About this exercise:
Only the lines from the one containing "this 1200×960 image." through the end of the records should be retyped, exactly and including both ends; pictures stay out.

*** Material shown ***

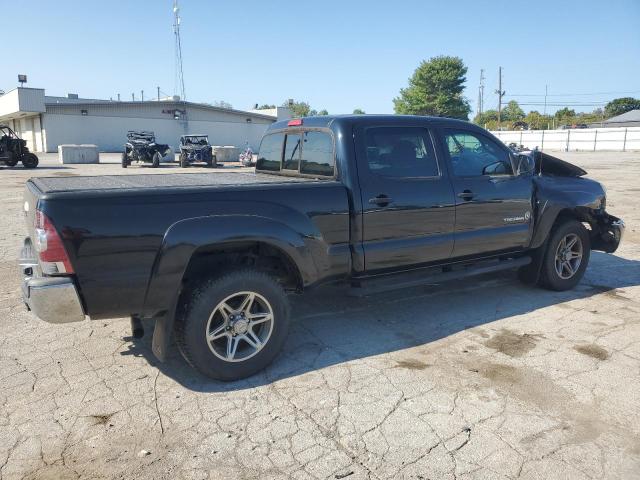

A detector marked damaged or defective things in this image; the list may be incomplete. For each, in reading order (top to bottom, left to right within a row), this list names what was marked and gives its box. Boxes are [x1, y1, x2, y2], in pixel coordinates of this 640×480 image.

cracked pavement [1, 154, 640, 480]
damaged front bumper [592, 213, 624, 253]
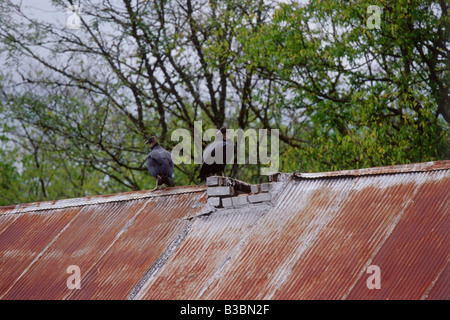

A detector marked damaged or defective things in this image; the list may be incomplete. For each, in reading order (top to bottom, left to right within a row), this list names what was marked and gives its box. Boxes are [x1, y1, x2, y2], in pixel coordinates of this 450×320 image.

rusty corrugated metal roof [0, 161, 448, 298]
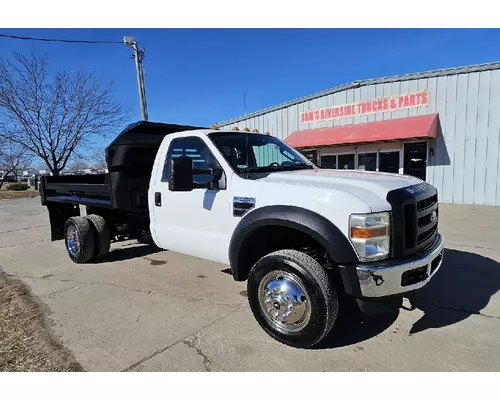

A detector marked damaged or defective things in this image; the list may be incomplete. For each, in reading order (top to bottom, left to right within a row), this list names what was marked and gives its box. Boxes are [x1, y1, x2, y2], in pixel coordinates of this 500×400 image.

pavement crack [410, 302, 500, 320]
pavement crack [184, 332, 213, 370]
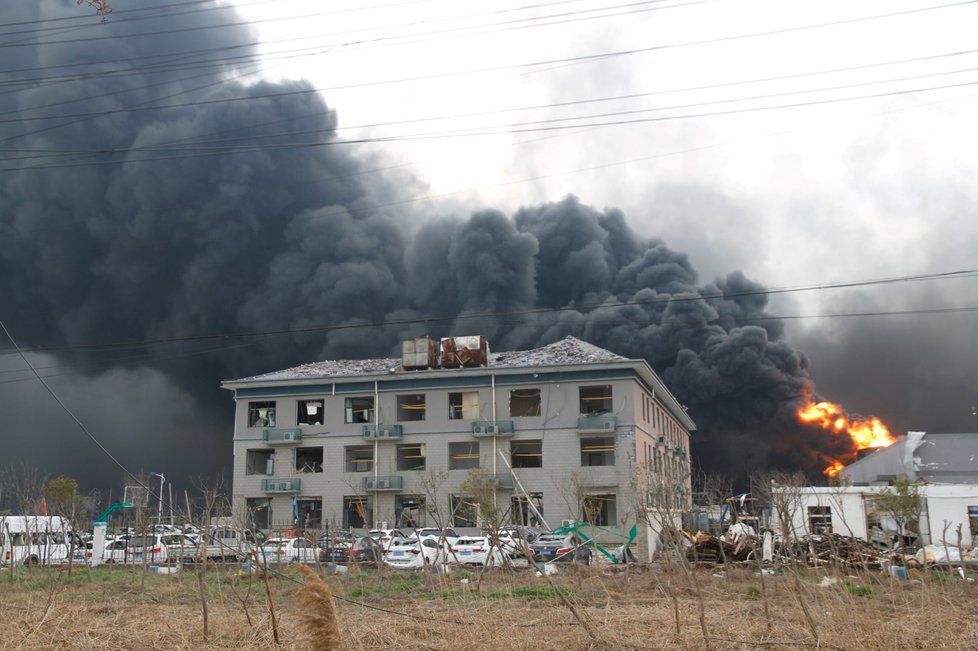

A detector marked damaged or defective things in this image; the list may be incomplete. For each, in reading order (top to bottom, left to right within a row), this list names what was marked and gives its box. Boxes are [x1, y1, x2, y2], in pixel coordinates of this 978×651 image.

broken window [248, 402, 278, 428]
broken window [298, 398, 324, 428]
broken window [344, 394, 374, 426]
broken window [394, 394, 426, 420]
broken window [450, 390, 480, 420]
broken window [510, 388, 540, 418]
broken window [580, 384, 608, 416]
broken window [246, 450, 272, 476]
broken window [294, 448, 324, 474]
broken window [344, 444, 374, 474]
broken window [394, 440, 426, 472]
damaged three-story building [223, 336, 692, 560]
broken window [450, 440, 480, 472]
broken window [510, 438, 540, 468]
broken window [576, 438, 612, 468]
broken window [244, 500, 270, 528]
broken window [298, 500, 324, 528]
broken window [346, 496, 372, 532]
broken window [394, 496, 426, 532]
broken window [452, 494, 478, 528]
broken window [510, 494, 540, 528]
broken window [580, 494, 616, 528]
broken window [804, 510, 828, 536]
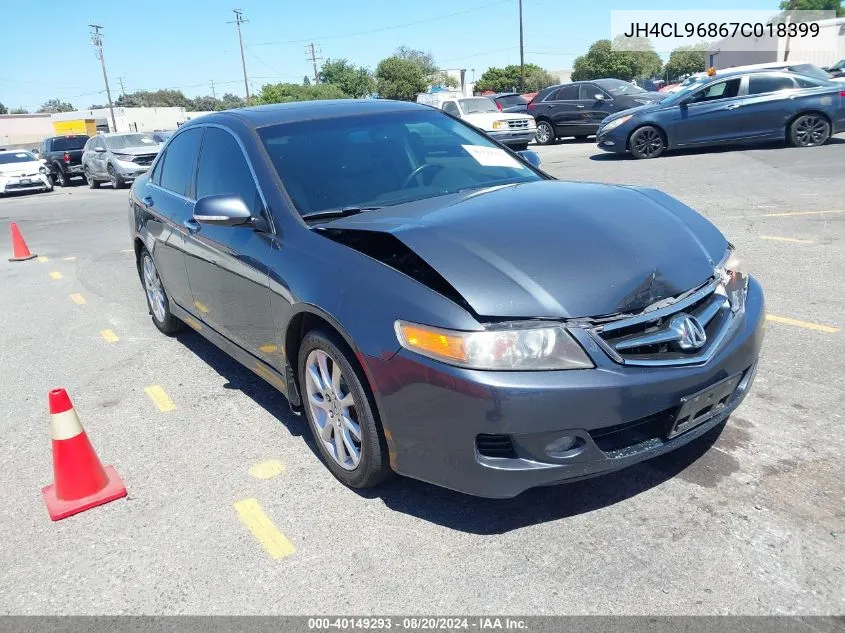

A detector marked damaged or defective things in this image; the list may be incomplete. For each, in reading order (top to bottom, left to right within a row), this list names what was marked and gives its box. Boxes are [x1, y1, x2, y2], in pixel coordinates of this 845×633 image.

exposed headlight housing [596, 114, 628, 131]
crumpled hood [324, 180, 724, 318]
exposed headlight housing [716, 247, 748, 316]
exposed headlight housing [394, 320, 592, 370]
damaged front bumper [362, 276, 764, 498]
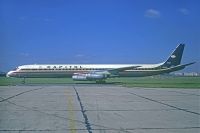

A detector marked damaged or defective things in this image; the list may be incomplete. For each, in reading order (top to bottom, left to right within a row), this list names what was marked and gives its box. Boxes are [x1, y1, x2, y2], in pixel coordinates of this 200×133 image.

pavement crack [73, 85, 92, 132]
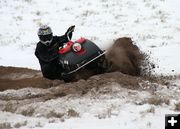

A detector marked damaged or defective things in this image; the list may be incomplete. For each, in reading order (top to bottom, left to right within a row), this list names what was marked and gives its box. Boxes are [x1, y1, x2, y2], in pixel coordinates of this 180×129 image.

crashed snowmobile [57, 36, 109, 81]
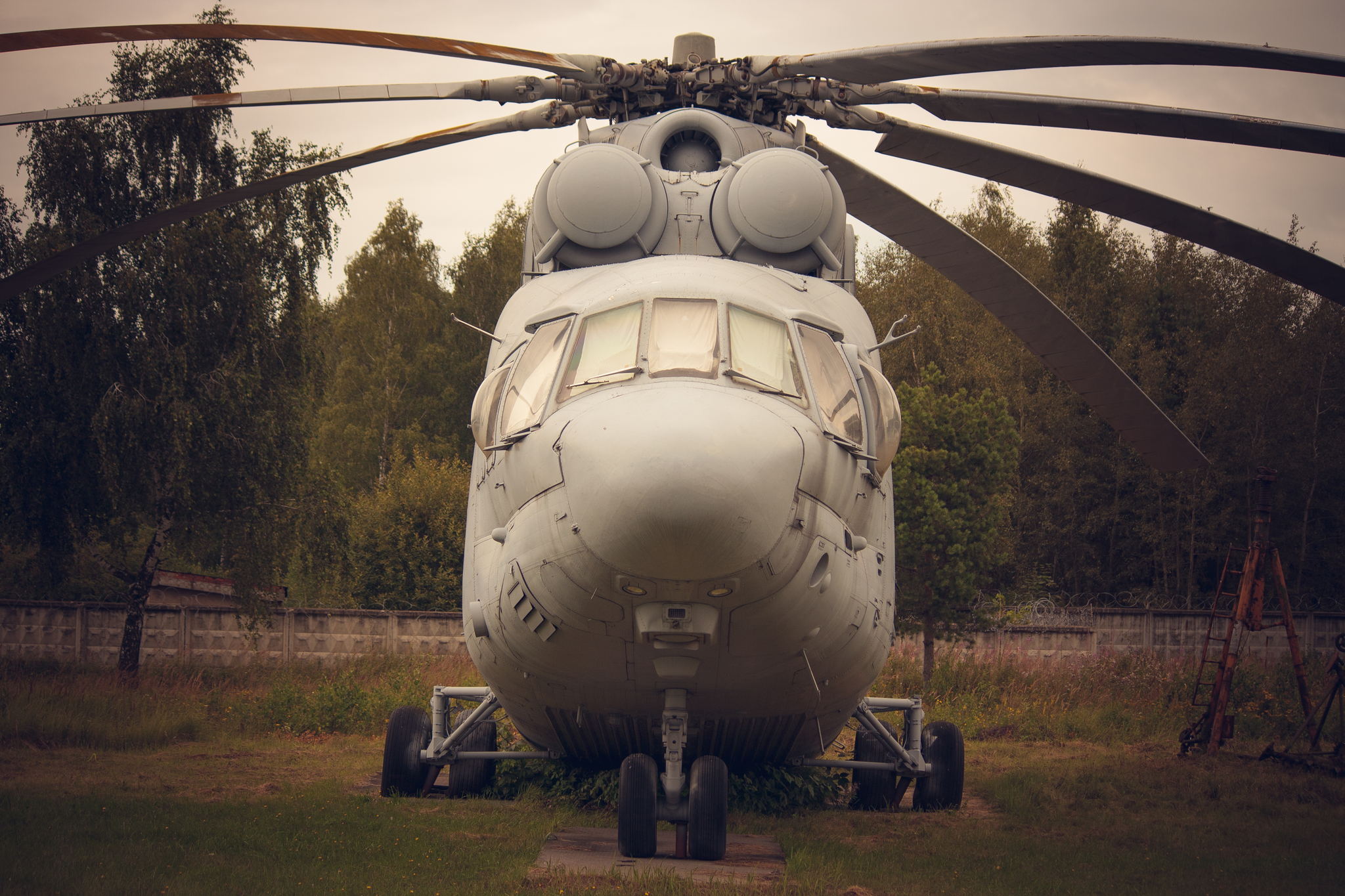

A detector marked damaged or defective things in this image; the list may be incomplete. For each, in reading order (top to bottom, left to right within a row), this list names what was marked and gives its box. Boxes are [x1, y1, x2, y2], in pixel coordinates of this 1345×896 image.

rusty metal ladder [1183, 470, 1307, 757]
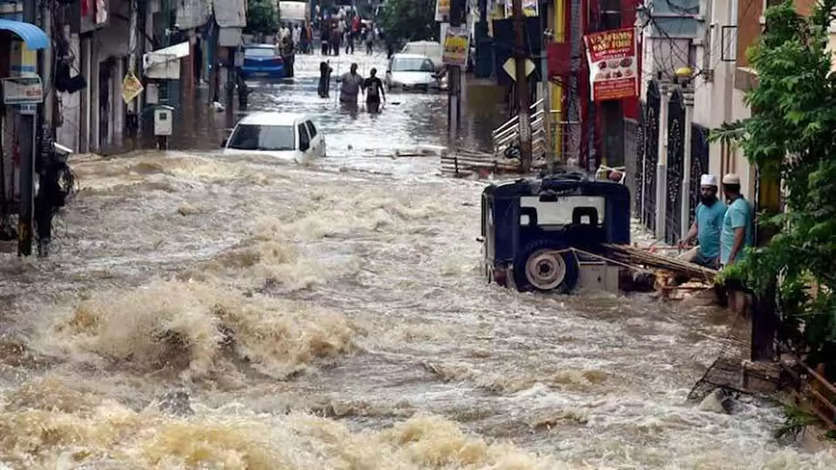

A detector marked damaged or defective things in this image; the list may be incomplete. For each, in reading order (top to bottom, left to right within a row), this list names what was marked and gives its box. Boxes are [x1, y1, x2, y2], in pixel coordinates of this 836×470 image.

overturned vehicle [480, 173, 644, 294]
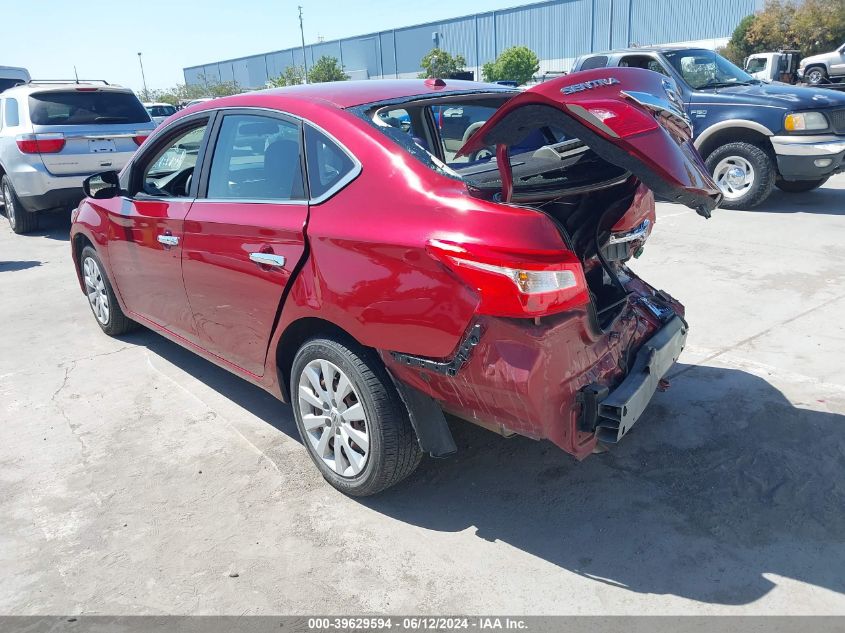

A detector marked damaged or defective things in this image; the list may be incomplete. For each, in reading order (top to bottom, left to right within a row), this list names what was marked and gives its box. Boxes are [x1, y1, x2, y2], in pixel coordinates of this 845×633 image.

damaged rear of car [362, 68, 720, 460]
torn rear bumper [584, 314, 688, 442]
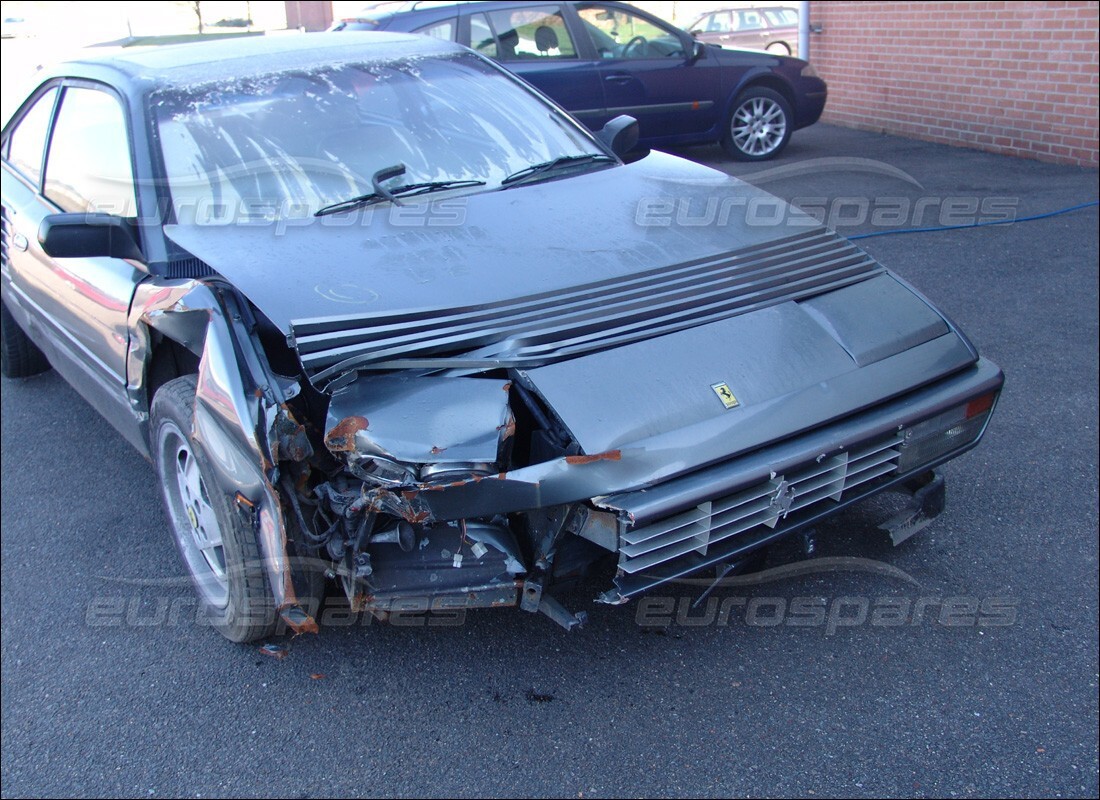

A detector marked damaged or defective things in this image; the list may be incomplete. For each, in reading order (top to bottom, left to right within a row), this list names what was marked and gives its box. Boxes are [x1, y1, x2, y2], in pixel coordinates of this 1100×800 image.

rusted damaged metal [321, 415, 369, 453]
damaged silver sports car [0, 34, 1003, 642]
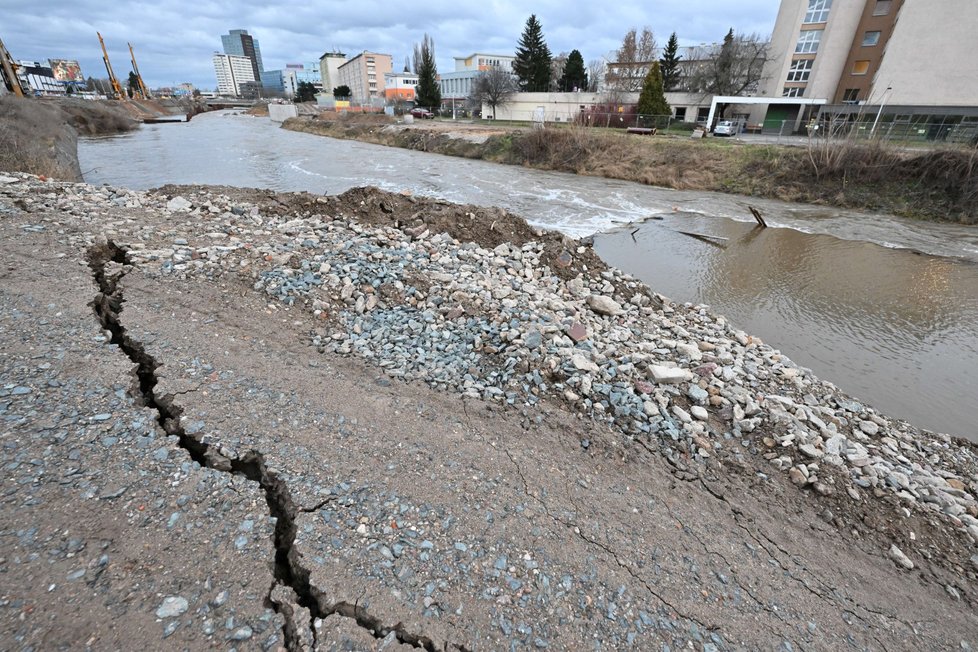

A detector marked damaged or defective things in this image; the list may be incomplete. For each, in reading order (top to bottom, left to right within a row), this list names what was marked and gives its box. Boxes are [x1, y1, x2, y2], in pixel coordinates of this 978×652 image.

cracked concrete [1, 178, 976, 652]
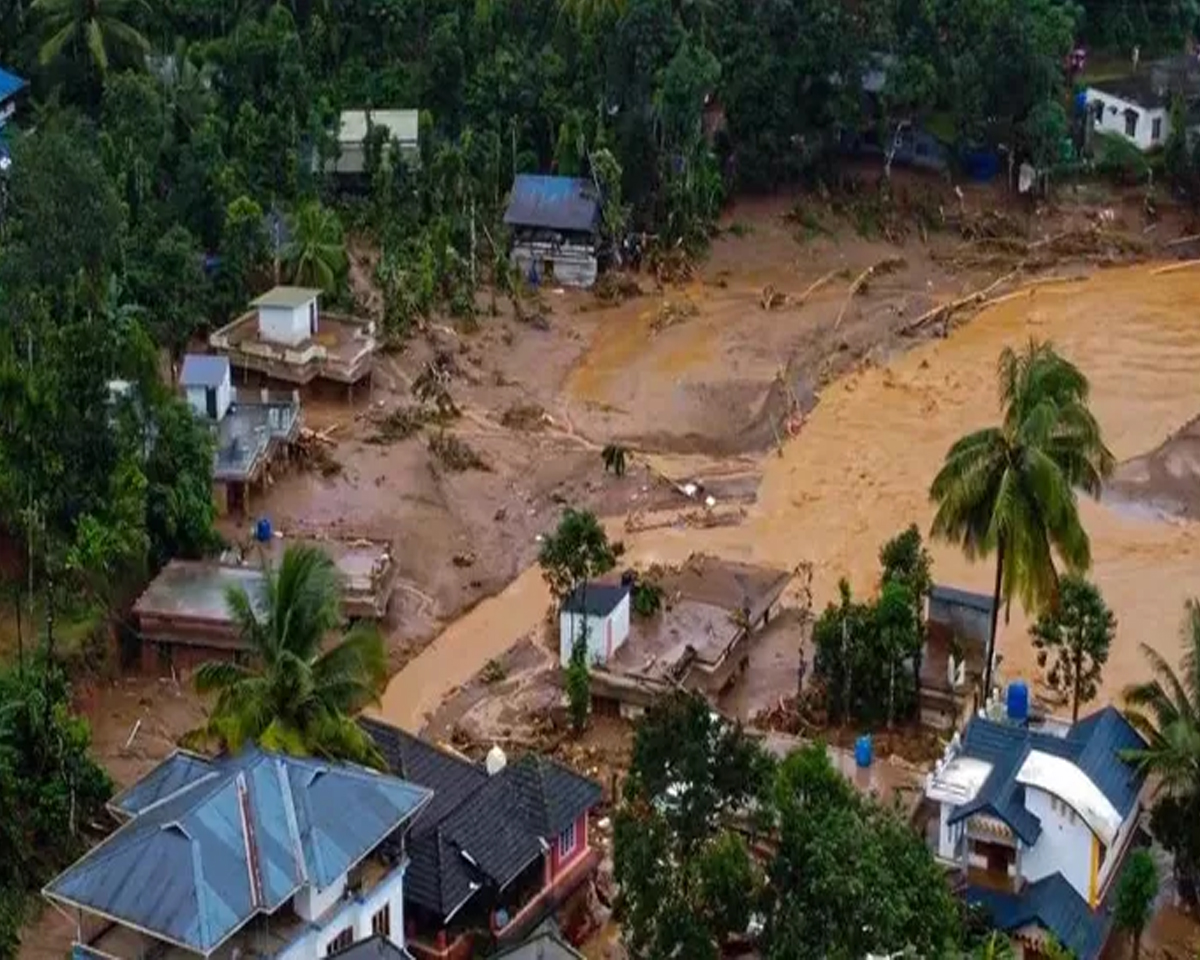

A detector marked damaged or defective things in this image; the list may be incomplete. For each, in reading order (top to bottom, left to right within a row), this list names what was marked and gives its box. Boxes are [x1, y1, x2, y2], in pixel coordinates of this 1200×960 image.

damaged house [504, 175, 600, 288]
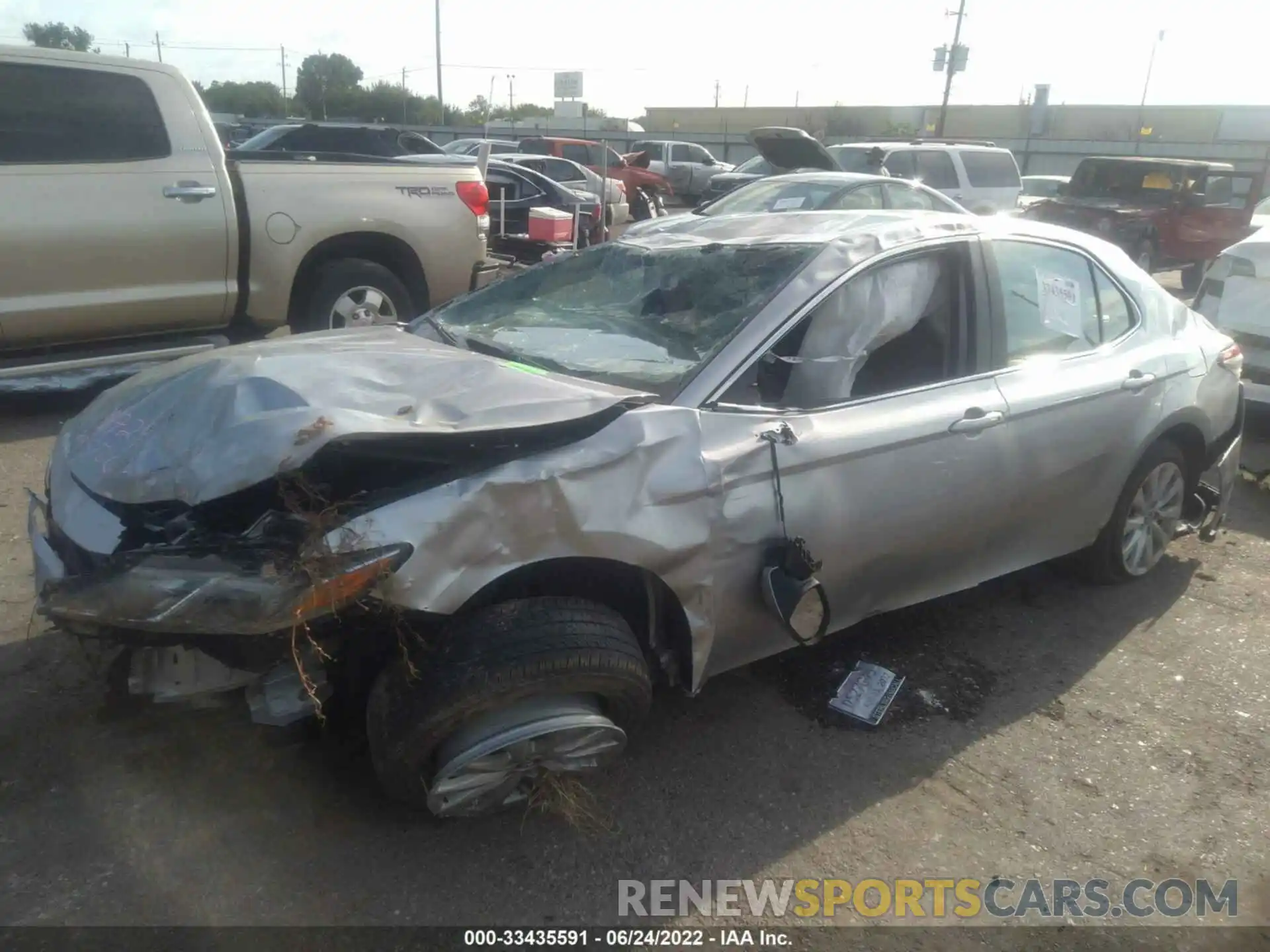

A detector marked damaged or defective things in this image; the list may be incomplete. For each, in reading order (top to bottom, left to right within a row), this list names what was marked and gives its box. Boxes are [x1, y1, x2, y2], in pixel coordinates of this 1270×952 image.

shattered windshield [1072, 161, 1189, 206]
shattered windshield [411, 242, 818, 403]
crumpled metal panel [52, 327, 645, 508]
crumpled hood [54, 327, 650, 508]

*** End of Material shown ***

Task response:
A detector marked damaged or defective things in this image; the list may be incomplete. For each, in reading order (top to bottom, left to right within a row), this list names what was marked and gives its box. Boxes are [x1, y1, x2, y2], in pixel coordinates of this 1200×960 image.

damaged house [504, 175, 600, 288]

A detector marked damaged or defective things in this image; the list may be incomplete. For each, in reading order (top to bottom, left to right within a row), this list names what was marked and gives its box. Boxes are [x1, y1, x2, y2], in pixel coordinates of this 1270×952 image.

shattered windshield [1072, 161, 1189, 206]
shattered windshield [411, 242, 818, 403]
crumpled metal panel [52, 327, 645, 508]
crumpled hood [54, 327, 650, 508]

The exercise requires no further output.